_PROBLEM REQUIREMENTS_:
Reproduce exactly the lines of the material beneath, from the line that contains "4th image of 2117 Wooster Place" to the line that contains "фото 1 Продажа", both included, and no other lines.

_DATA SUPPLIED_:
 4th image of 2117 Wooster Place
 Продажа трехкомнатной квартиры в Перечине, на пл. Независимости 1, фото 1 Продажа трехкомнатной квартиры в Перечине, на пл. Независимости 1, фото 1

==

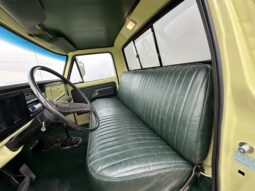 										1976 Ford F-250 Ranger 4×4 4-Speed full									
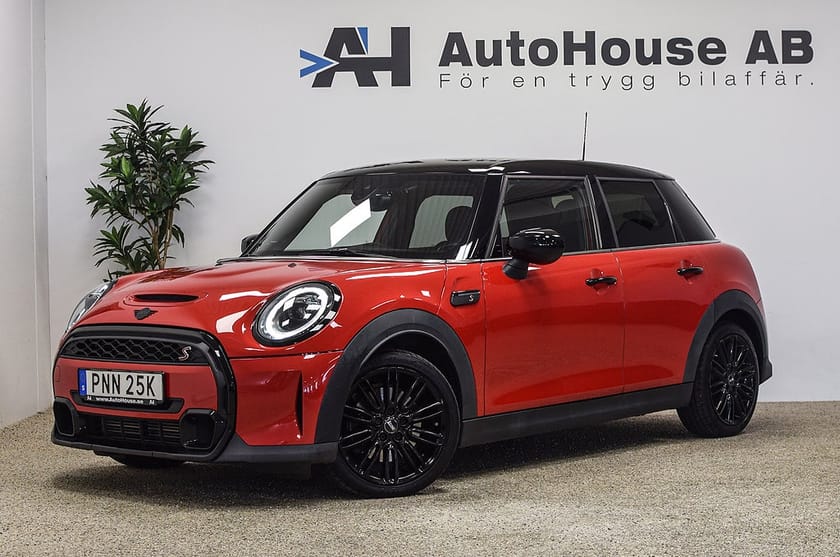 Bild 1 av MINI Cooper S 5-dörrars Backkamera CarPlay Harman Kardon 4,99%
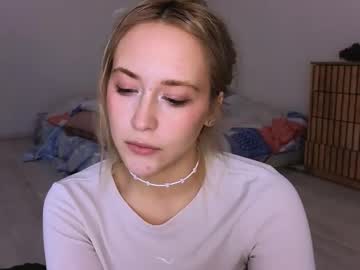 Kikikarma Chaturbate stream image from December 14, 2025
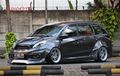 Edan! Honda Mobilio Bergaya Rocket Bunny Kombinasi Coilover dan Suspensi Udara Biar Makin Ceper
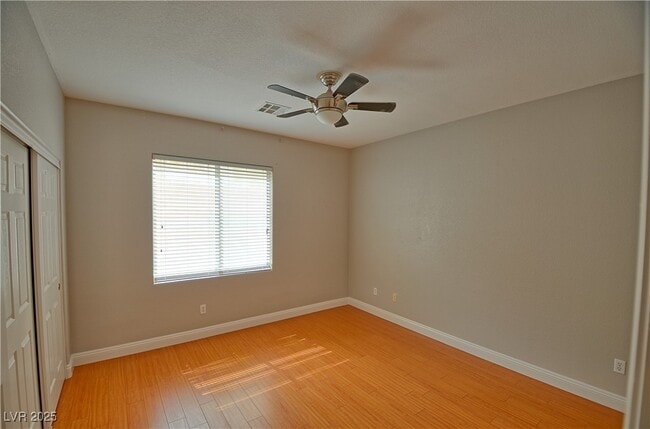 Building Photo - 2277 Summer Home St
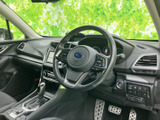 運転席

---

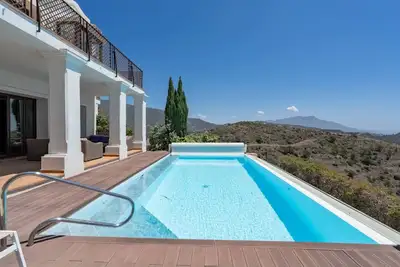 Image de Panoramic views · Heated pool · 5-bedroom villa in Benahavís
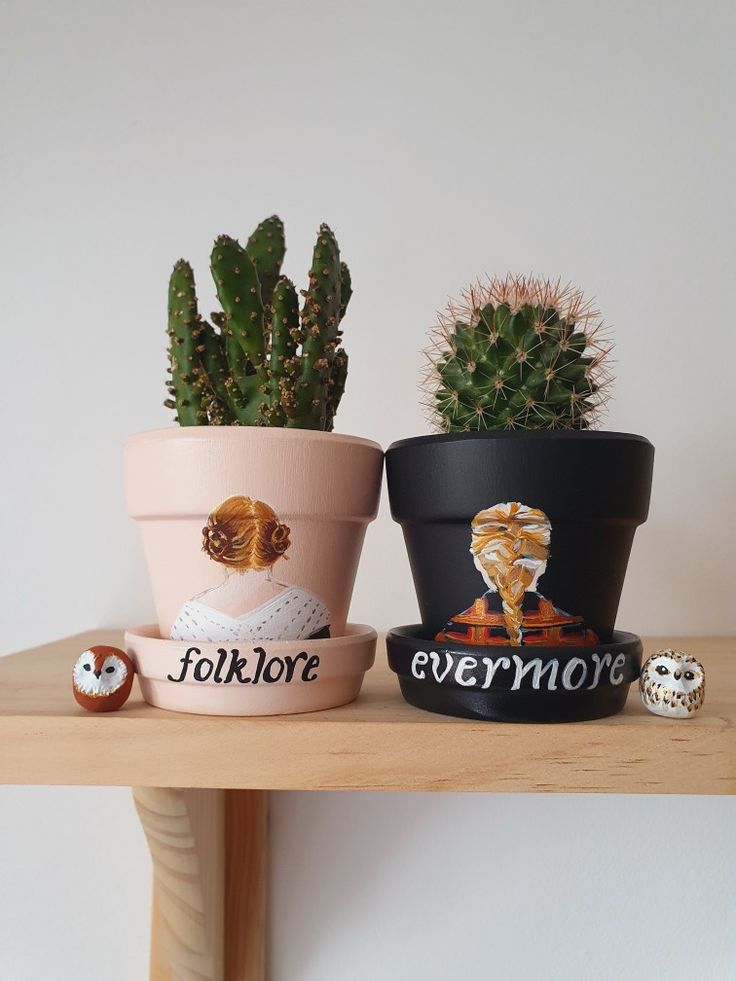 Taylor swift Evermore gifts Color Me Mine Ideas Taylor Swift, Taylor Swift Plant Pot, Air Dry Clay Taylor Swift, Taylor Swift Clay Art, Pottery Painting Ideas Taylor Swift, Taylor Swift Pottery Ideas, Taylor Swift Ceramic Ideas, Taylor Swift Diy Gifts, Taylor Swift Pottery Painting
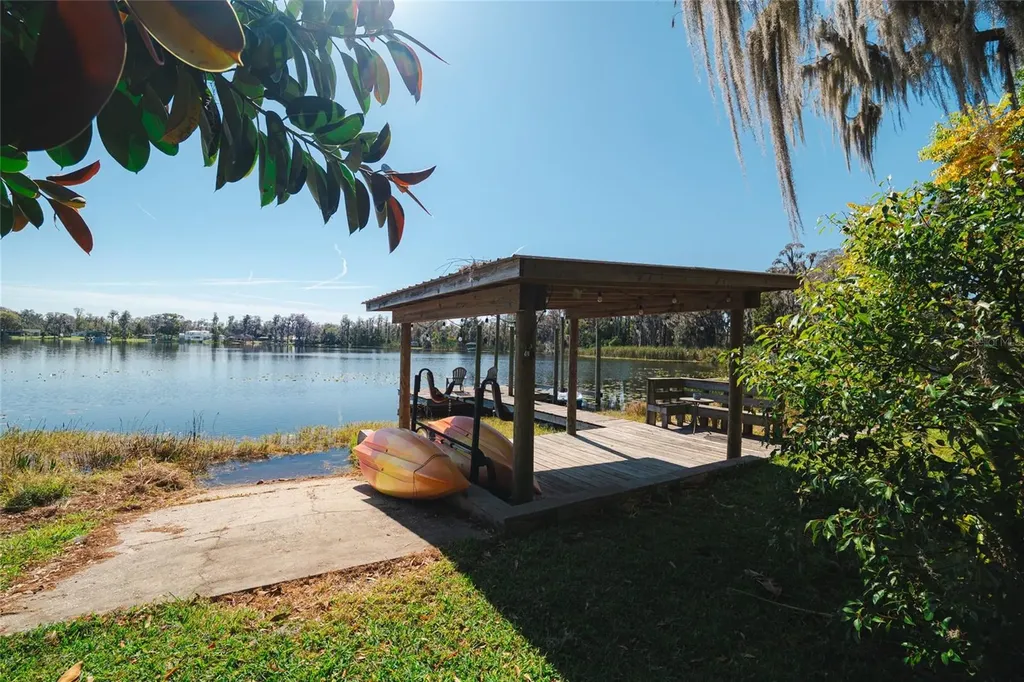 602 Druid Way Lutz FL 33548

_OUTPUT FOR THIS TASK_:
 4th image of 2117 Wooster Place
 Продажа трехкомнатной квартиры в Перечине, на пл. Независимости 1, фото 1 Продажа трехкомнатной квартиры в Перечине, на пл. Независимости 1, фото 1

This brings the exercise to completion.